A chord progression that is complicated, with lots of altered chords and other types that pull you considerably away from the original key, is a double-edged sword. On the positive side, such progressions are unique and creative, stimulating the imagination in fantastic ways. On the negative side, listeners can get confused and turned off. So it’s all about balance.
If you’ve got a progression that excites you because of its freshness and innovation, but you’re worried that it doesn’t hang together too well, try using a pedal tone. It often works best if the bass note of the first chord is then simply extended to last throughout the entire progression. But it’s worth experimenting with other pedal point bass notes.
As a quick example, here’s a chord progression that has several odd twists and turns. The first sound sample uses chords in root position (i.e., the bass plays the letter name of the chord), and the second sample uses a pedal point bass note sitting on the tonic (key) note.
SAMPLE 1 (C F Ab E D Db C) **Opens in a new browser window**
SAMPLE 2 (As above, with bass sitting on C)
As I say, try experimenting with different pedal basses for different effects. As you can hear in Sample 2, the C in the bass is a member of some of the chords, but not all, adding a delicious dissonance here and there. The bass moves around a bit in the sample, but keeps the C tonic note as its main bass note, at the change of each chord.

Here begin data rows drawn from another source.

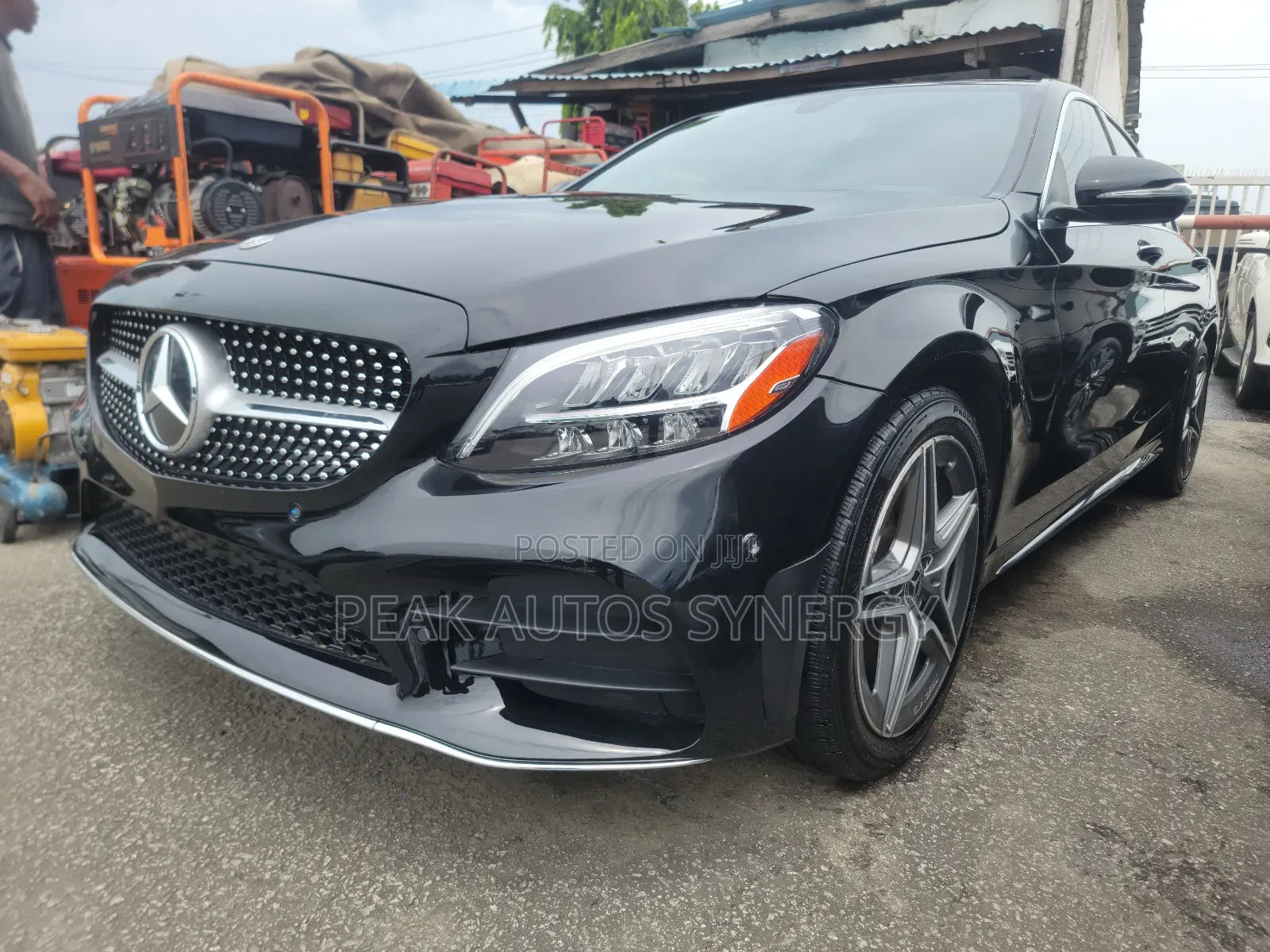 Mercedes-Benz C300 2018 Black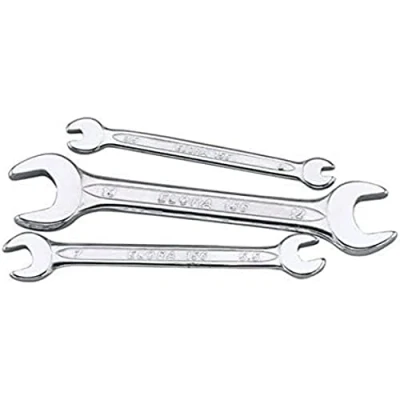 Image of Draper 17028 Elora Midget Double Open Ended Spanner, 7mm x 8mm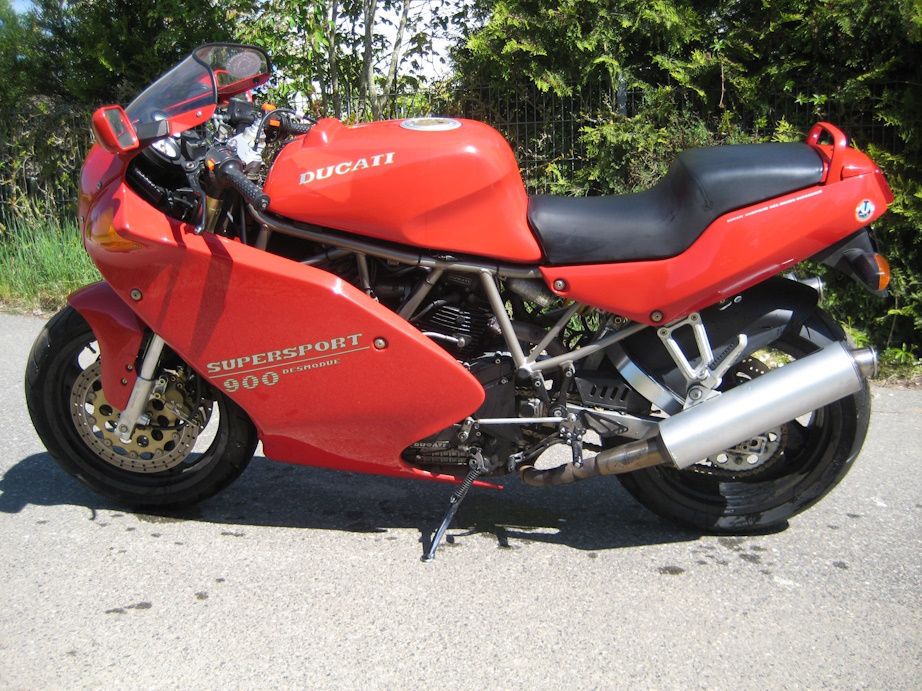 Ducati 900 SS Supersport in Ebermannsdorf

Because the bass note doesn’t move, it has a way of being dismissed by your musical brain, and that’s why, in spite of the dissonance, it still seems to work.
But because of that dissonance that’s created in some of the chords, you need to make a musical decision regarding whether or not your progression will benefit from the pedal point. Most of the time, it works because the bass adds a dose of predictability. As you hear in the second example above, the bass note acts like a kind of musical “glue”, always reminding you, in an aural sense, of where you are.